All of which is to explain why it's been almost eight years since Methone was discovered, and we've never yet had good pictures of it, until now. Like everything else seen for the first time in the Saturn system, Methone's appearance is a surprise. The thing is as smooth and round as an egg. Ordinarily, things in the solar system that are this small are not so round. Here are pictures of two asteroids visited by spacecraft whose diameters are in the same ballpark as Methone's: Steins (5 kilometers) and Gaspra (18 by 9 kilometers). They are decidedly non-round.
ESA / OSIRIS Team MPS / UPD / LAM / IAA / RSSD / INTA / UPM / DASP / IDA / Daniel Machacek
Steins, in color
Global view of asteroid 2867 Steins as seen by Rosetta on September 5, 2008, processed by Daniel Machacek.

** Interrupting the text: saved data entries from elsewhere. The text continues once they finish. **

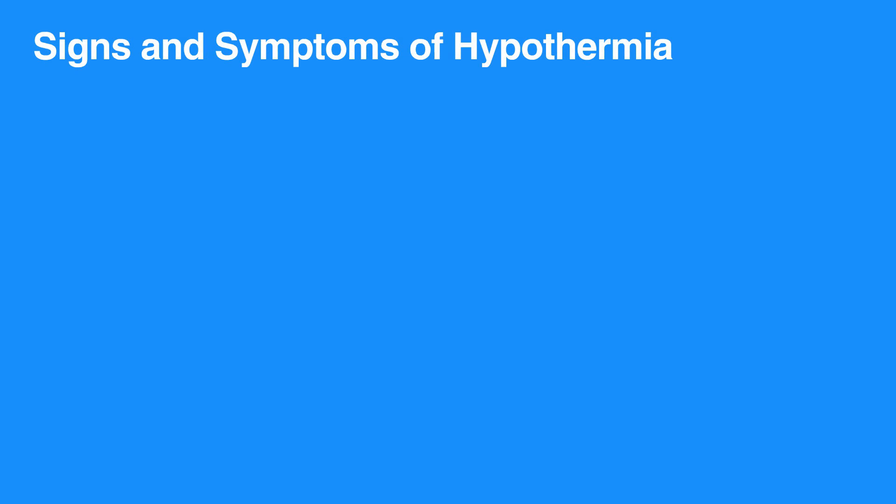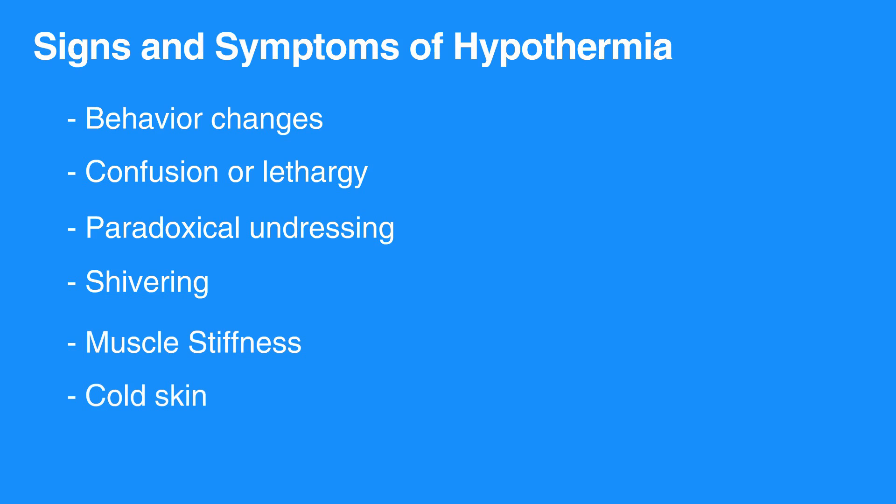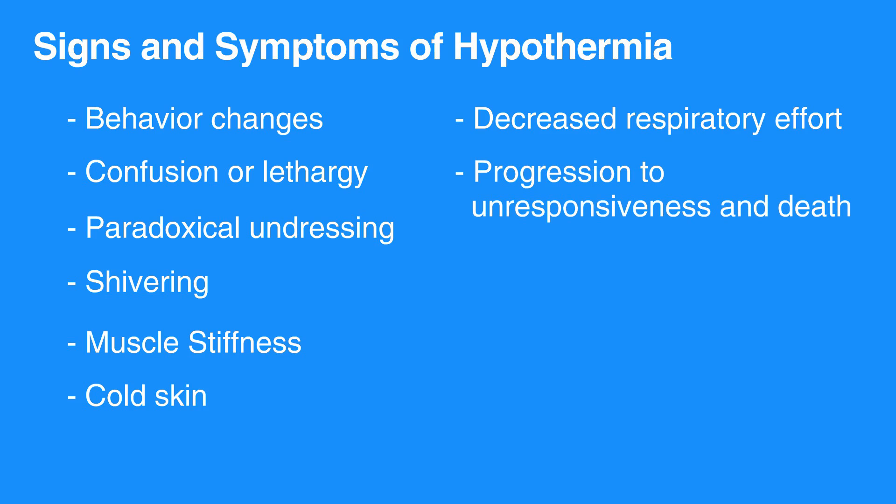Signs and symptoms consist of behavior change, confusion or lethargy, paradoxical undressing, shivering, muscle stiffness, cold skin, decreased respiratory effort, and progression to unresponsiveness and death.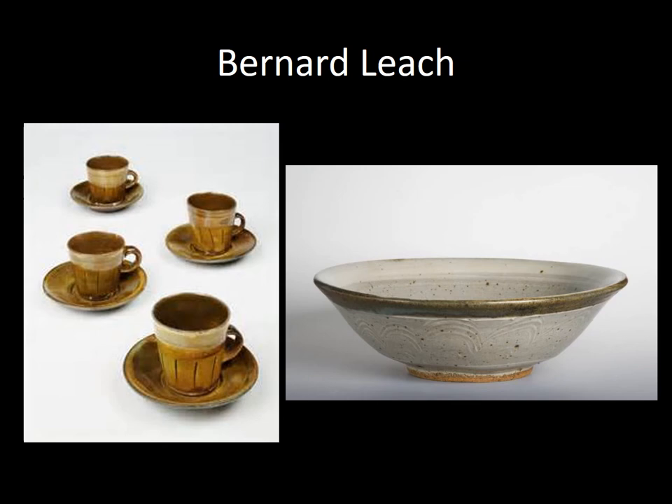Leach saw pottery as a combination of art, philosophy, design, and craft — even as a greater lifestyle. Leach and Hamada were good friends and heavily influenced each other over their lifetimes of making work. Can you see similarities between their work? Are they both working in simplicity of form and natural-colored surfaces in terms of their glaze?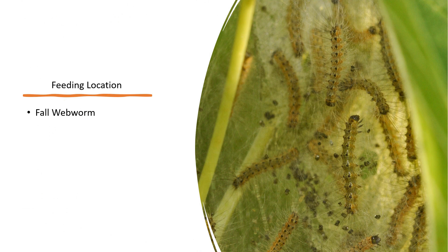Fall webworms feed inside their webs. This is a protection mechanism used by these worms so that when they are feeding, they don't get attacked by any predator.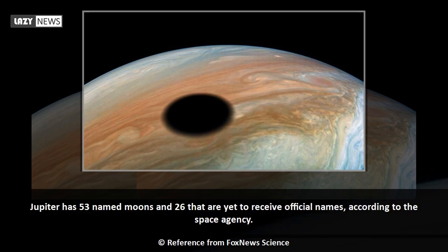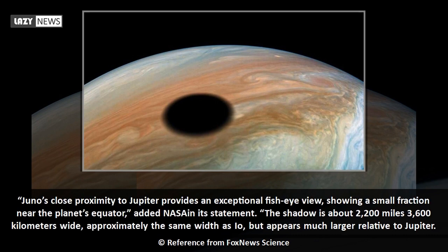Jupiter has 53 named moons and 26 that are yet to receive official names, according to the space agency. Juno's close proximity to Jupiter provides an exceptional fish-eye view, showing a small fraction near the planet's equator. The shadow is about 2,200 miles (3,600 kilometers) wide, approximately the same width as Io, but appears much larger relative to Jupiter.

Methone is really shockingly round. Some of the other small moons that orbit near the rings have a smoothed appearance, but they all still have some craters or some topography. The smoothness probably results from these things collecting dust, a substance that there is a lot of in this part of the Saturn system, but it's kind of hard to understand what could make the dust slide around to fill every topographic low on this little world, covering it with what's essentially a global ocean of very puffy dust. I think the roundness tells us that whatever Methone is made of, that material behaves like a liquid -- it has no strength to hold any shape whatsoever. Maybe Methone is nothing but a big ball of dust. I wonder what it would be like up close? I'm trying to imagine it. I have no idea if this is realistic, but I'm imagining that if I approached it relatively slowly (at kilometers per hour rather than kilometers per second speed), my momentum might carry me right into and even through the moon. It'd be like encountering an orbiting dust storm rather than like landing on something solid.
Methone is undeniably round. If it were orbiting the Sun independently of Saturn, would it qualify for planethood? Certainly not, because it would fail the gravitational-sway test (it's too small for its gravity to exert control over any region of space). Still, it's interesting and surprising that a body so small can be so round.